The global oil prices which started falling on Monday following a report that hedge funds and money managers have started cutting bullish positions, dip lower on Thursday to reach its pre-OPEC consensus level.
Since Monday, the WTI has dropped about 9 percent to $45.60, its lowest since November 2016. While the Brent Crude has plunged as much as 8 percent to trade at $48.83, the lowest price level this year.
Experts have said the uncertainty surrounding OPEC policy and the continuous rise of the U.S. oil production will continue to weigh on global oil outlook in the medium term.
“With the future of OPEC policy unclear, the trend of rising U.S. production remains the single biggest headwind for oil prices in the medium term,” said Tyler Richey, co-editor of the Sevens Report.
However, analysts have said OPEC would have to cut more than the 1.8 million barrels a day it cut in November to curtail global glut and normalize prices.
“An extension would be mildly supportive of oil, but because of the recent rise in U.S. production, the effect of OPEC policy on global inventories has been limited and deeper cuts to member production are likely needed to really ignite a rally through the mid $50/barrel level,” said Richey.
Brent crude oil has now erased all its gains since OPEC reached accord on November 30, 2016.
Also, currencies of commodity-dependent economies like the Canadian dollar, Aussie, etc. plunged against the U.S. dollar this week, reaching their lowest exchange rate this year.
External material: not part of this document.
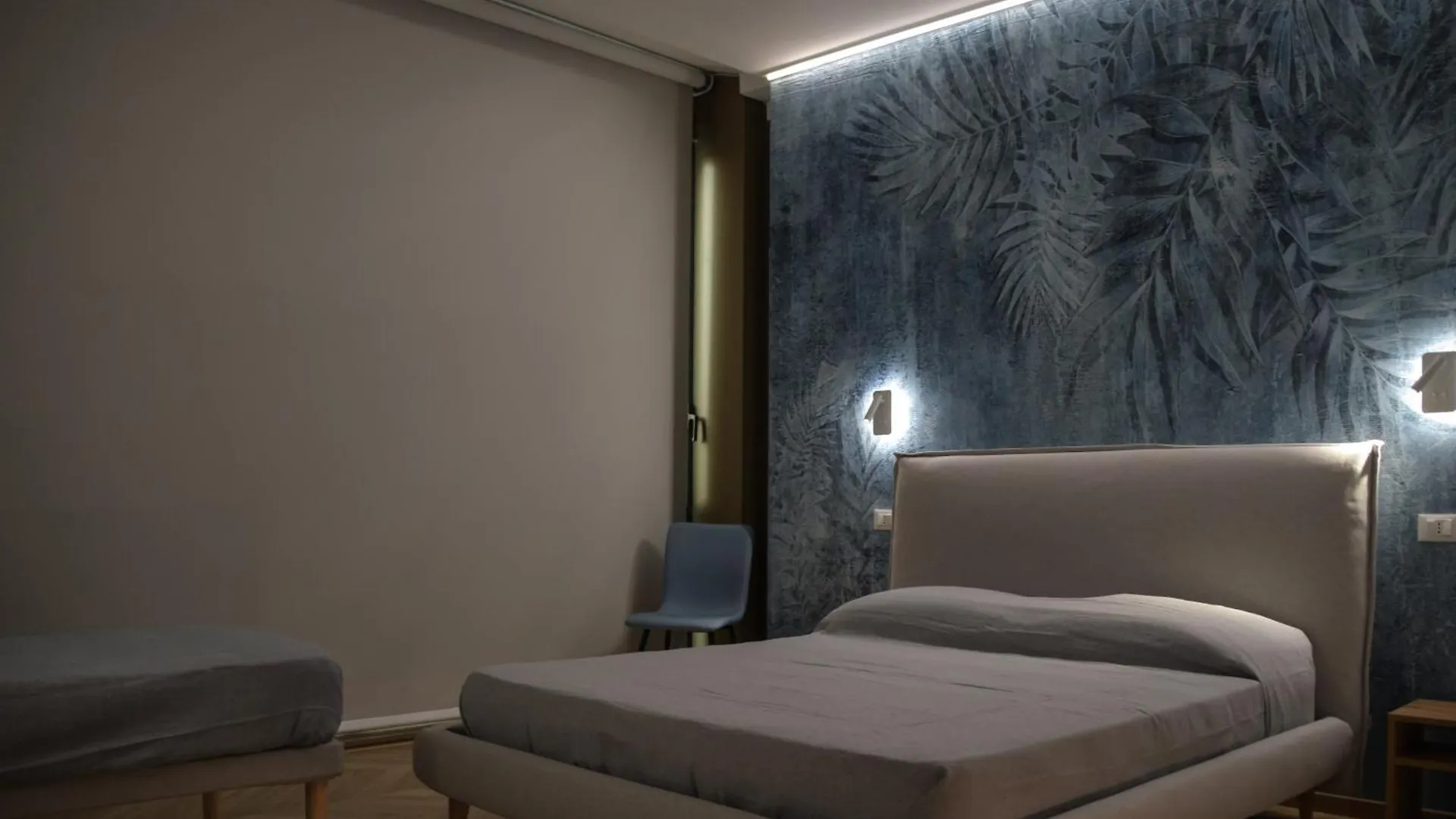 Politeama Crystal Rooms Palermo Italy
According to Samed Olukoya, a foreign exchange research analyst at Investors King Ltd., “The issue is not just the rising U.S. oil production, but also the surge in production level of OPEC members exempted from production cut in November. For instance, Libya has announced that the El-Feel oilfield is ready to resume production after two years, this is an oil field that has a production capacity of 80,000 barrels per day. Likewise, Nigeria is struggling to up its output from about 1.5 million barrels per day to 2 million barrels per day. All these add up to what trigger the sell-off and are expected to further hurt investment in the oil sector if not checked.”